[DATA FOR THE TASK — start]
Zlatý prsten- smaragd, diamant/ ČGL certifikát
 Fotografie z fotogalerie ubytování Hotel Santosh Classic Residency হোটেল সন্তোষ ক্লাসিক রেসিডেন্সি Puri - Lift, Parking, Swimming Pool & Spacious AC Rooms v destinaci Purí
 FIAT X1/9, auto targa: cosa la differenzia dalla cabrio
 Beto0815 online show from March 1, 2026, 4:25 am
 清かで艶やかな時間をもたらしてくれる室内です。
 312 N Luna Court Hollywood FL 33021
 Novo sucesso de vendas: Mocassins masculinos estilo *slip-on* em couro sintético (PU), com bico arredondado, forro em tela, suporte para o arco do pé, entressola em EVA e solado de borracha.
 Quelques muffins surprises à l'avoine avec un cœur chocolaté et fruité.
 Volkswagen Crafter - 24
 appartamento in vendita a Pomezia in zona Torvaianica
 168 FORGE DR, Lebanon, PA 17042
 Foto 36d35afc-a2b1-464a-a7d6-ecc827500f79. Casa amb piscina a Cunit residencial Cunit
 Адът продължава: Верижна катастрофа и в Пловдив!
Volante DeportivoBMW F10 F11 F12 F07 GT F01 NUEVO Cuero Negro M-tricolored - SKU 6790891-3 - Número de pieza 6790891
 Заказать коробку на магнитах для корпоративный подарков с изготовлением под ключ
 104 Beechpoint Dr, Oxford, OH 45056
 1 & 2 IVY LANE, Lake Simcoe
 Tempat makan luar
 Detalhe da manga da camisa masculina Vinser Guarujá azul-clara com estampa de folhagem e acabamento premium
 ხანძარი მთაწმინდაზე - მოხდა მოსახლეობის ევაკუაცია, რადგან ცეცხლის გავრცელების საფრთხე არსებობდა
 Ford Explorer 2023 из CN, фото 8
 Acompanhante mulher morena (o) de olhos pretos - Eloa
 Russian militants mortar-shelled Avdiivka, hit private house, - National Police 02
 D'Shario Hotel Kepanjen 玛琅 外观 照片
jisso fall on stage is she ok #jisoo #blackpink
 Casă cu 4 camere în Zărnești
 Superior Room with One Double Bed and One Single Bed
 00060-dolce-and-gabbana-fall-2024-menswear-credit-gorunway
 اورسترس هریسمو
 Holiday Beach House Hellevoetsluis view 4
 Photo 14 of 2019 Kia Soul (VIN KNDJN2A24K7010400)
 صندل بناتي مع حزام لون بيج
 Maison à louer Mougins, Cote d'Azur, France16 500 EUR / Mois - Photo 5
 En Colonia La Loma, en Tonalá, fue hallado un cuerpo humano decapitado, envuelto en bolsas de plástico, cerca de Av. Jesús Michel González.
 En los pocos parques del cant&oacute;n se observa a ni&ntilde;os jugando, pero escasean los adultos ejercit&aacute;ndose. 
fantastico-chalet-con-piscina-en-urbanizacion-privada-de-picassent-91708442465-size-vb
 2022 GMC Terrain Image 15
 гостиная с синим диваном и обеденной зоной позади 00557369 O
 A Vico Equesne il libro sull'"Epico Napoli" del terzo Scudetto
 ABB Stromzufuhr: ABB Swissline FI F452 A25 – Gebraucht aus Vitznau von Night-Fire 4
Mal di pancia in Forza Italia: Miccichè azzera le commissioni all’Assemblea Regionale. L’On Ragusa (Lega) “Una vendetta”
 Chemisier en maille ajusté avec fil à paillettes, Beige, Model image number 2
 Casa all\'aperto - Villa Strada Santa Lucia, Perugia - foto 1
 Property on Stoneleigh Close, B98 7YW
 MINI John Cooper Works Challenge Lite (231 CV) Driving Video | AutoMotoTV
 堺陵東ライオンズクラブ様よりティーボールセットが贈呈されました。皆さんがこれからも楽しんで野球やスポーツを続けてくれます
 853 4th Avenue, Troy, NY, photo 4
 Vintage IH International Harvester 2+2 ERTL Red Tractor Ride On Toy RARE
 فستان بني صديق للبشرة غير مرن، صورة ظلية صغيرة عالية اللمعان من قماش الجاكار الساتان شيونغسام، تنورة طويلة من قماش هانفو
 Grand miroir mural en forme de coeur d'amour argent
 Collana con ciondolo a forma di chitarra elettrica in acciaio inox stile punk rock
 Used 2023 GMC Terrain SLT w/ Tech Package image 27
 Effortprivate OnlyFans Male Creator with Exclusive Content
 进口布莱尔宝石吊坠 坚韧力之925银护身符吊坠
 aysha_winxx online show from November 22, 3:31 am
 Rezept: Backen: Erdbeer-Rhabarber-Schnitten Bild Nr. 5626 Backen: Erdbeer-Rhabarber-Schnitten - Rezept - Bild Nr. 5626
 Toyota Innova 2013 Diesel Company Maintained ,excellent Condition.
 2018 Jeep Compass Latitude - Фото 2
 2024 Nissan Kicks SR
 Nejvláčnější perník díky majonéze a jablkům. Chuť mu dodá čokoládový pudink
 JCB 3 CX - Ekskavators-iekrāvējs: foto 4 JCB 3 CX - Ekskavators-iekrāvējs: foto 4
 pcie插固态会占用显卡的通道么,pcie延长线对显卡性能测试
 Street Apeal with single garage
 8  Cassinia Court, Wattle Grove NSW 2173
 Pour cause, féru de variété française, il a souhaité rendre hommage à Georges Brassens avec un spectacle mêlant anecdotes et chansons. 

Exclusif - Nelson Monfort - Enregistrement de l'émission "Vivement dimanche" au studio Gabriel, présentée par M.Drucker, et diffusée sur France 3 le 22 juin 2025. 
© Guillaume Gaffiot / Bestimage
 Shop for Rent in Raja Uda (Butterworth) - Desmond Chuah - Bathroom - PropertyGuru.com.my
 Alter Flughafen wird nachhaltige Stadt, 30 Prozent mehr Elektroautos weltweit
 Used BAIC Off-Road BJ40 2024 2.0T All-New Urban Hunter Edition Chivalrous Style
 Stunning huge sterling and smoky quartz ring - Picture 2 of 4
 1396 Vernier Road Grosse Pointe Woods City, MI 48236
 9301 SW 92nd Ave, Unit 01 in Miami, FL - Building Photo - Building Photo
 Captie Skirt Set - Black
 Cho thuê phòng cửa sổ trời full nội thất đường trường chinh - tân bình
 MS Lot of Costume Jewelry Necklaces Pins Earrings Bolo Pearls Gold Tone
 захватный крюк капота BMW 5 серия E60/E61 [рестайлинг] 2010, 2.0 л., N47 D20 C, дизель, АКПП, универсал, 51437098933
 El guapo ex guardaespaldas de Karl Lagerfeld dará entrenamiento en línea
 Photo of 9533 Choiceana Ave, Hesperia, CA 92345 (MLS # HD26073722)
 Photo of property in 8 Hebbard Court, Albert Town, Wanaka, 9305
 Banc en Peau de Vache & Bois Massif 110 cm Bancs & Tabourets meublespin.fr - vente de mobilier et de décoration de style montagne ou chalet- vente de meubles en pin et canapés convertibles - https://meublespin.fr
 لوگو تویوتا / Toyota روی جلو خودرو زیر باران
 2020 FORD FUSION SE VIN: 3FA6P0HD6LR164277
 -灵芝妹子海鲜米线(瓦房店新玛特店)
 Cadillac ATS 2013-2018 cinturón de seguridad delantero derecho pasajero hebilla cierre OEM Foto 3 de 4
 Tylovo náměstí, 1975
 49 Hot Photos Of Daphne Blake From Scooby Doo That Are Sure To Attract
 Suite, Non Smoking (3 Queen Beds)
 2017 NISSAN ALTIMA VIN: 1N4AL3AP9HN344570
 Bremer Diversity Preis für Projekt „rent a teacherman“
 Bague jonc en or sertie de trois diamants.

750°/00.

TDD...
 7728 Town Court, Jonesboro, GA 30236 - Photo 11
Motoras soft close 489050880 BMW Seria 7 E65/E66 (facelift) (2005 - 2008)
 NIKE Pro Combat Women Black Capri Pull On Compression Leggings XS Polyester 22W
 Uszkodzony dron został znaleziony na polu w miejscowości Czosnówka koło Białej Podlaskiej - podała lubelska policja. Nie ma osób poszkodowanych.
[DATA FOR THE TASK — finish]
[AIM OF THE EXERCISE]: Given the data above, transcribe exactly the lines from the one containing "Quelques muffins surprises" down to the one containing "Volante DeportivoBMW F10", and no others.

[REPLY]:
 Quelques muffins surprises à l'avoine avec un cœur chocolaté et fruité.
 Volkswagen Crafter - 24
 appartamento in vendita a Pomezia in zona Torvaianica
 168 FORGE DR, Lebanon, PA 17042
 Foto 36d35afc-a2b1-464a-a7d6-ecc827500f79. Casa amb piscina a Cunit residencial Cunit
 Адът продължава: Верижна катастрофа и в Пловдив!
Volante DeportivoBMW F10 F11 F12 F07 GT F01 NUEVO Cuero Negro M-tricolored - SKU 6790891-3 - Número de pieza 6790891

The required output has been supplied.